Despite the one-sided nature of the effort involved, I feel I have to give the possibility of a relationship between grandparent and grandchild a chance. A small, guarded, chance. And my poor mother, stranded in a town she never wanted to go to, deserves something.

I have not fought with him for many months. I refuse to talk about work. Or asylum seekers (or anything touching on race, not that he's a racist, but..). We have some ongoing contact and it is tolerable.

As once suggested on this blog, by Zoe I believe, I took a few sessions of counselling directed specifically at our relationship. It was good. Partly from that, and from reflection, I can see things from a slightly removed place. I have additional perspective and it helps. In particular I spend less time fretting about whether our relationship is part of some adoption issue. That may be there, but it is also a lot clearer to me that I am only part of an immovable story of control and inflexibility.

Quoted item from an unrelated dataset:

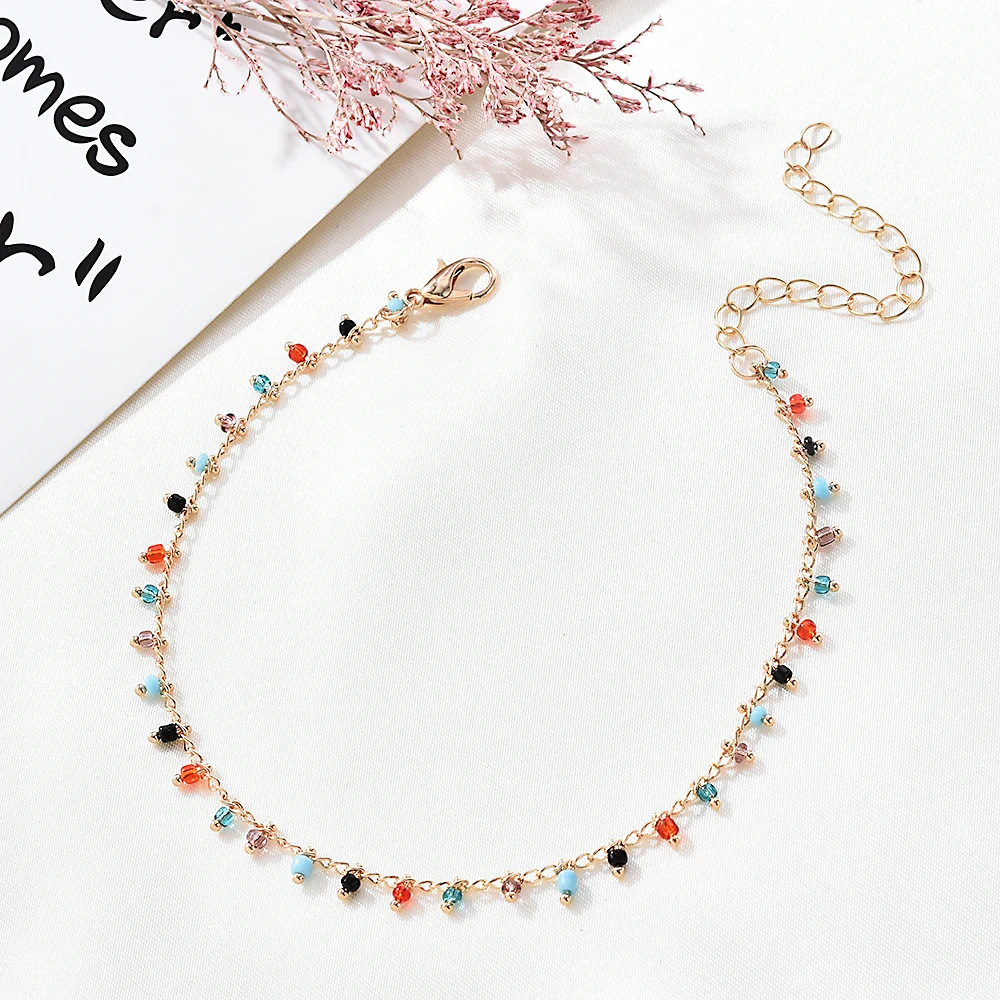 

Fashion Ankle Bracelets Anklets for Women Beach Accessories Ankle Bracelet Stainless Steel Leg Bracelet Sandals Foot Jewelry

Counselling helped me see wider patterns. Anything that can't be controlled becomes a threat. The only child he could have raised and never fought badly with would be one who never fully grew up, never pushed out and became an individual. No matter how similar their wiring (to use his phrase), one decent step towards independence and it would be on. My mother's acquiescence in so much of his crap frustrates me, yet I can see that it is a survival mechanism for their relationship. As he gives no room, and offers no mediation between positions, any serious push back would be like a car hitting a wall. No give. A mess.

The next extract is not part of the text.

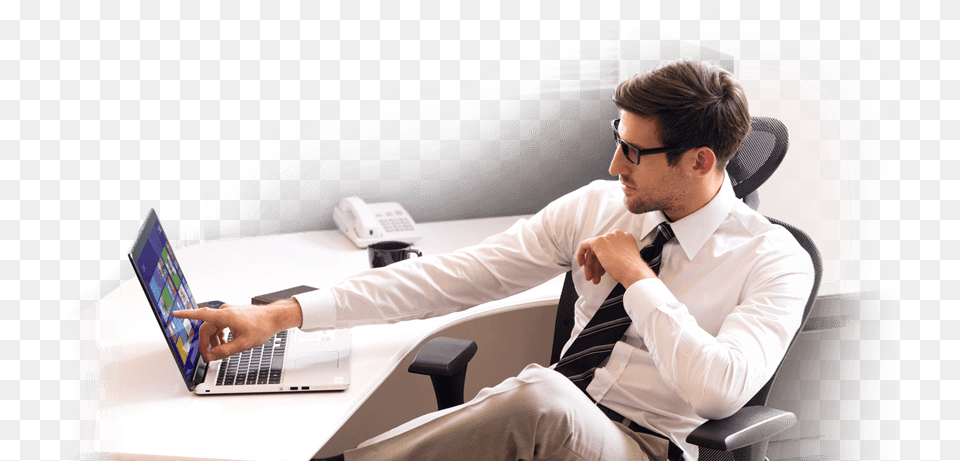 Business People Sitting, Accessories, Shirt, Pc, Laptop Free Transparent Png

I know what I would probably do if I were her... well I know because I have effectively done it. I said 'no thanks', 'stop saying that', 'I don't want the same things you do', 'I disagree'. Started saying it at the end of my teens, and have had a turbulent relationship since. The normal adjustment into the adult-adult relationship is not possible, because there can be no adjustment. So where I have learned from those fights at 18, 19, and long since moderated many things that led us there, he has barely changed one iota. He has pulled out insults long since buried, as if we hadn't done the burying by going through a hostile, stressful, awful process of razorblade iteration.

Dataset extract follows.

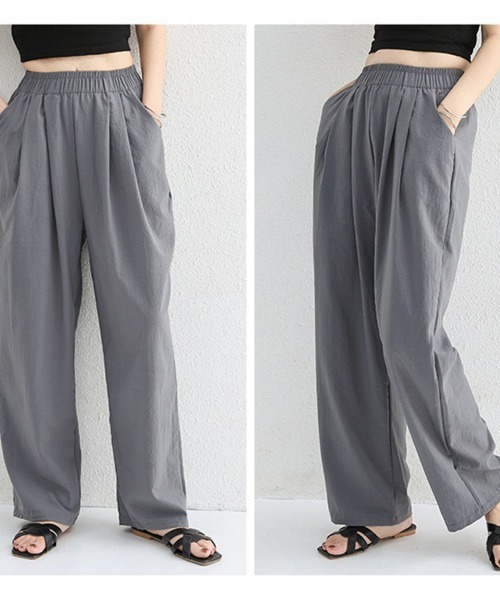 Beststore(ベストストア)の「ワイドパンツ ハイウエスト スラックス(その他パンツ・レディース・ライトベージュ/ブラック/グレー/モカ・L/M)」の19枚目の写真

But. Months of carefully circumscribed conversation, the insights of counselling, and my own reflection have brought me to a better place. There are limits to our engagement, and I know I can't improve on that.

Visiting is not ideal. I need to consciously avoid both trigger-topics and opportunities, which usually come in the form of initially-benign conversations, in fact often pleasant, a glass of scotch in front of each of us, with my mother and Beloved wandering off to do other things, and my defences going down, and then the poison comment arriving like a concealed screwdriver through the ribs...

3 comments:

Mindy said...

One day, when your kids have fond memories of visiting their grandparents, or perhaps memories of what their grandparents were like and make a comment to you that lets you know they understand, it will all be worth it. At least you know that you tried.

seepi said...

good on you - it sounds like hard work.

one thing we tried was flying visits - or visiting nearby towns and visiting daily, but not staying in the same house. You just need to think of some good excuses for why you need to do a particular trip (farm stay etd) that is near them but not in the same city.

It is good for kids to have a sense of family. And they will have a trip to sahre with their fri3nds when their friends are visiting their grandparents.

Ann ODyne said...

wishing you calm and pleasant times. Your mother will be thrilled, so concentrate on making her happy ...
you are clever enough to succeed with this challenge.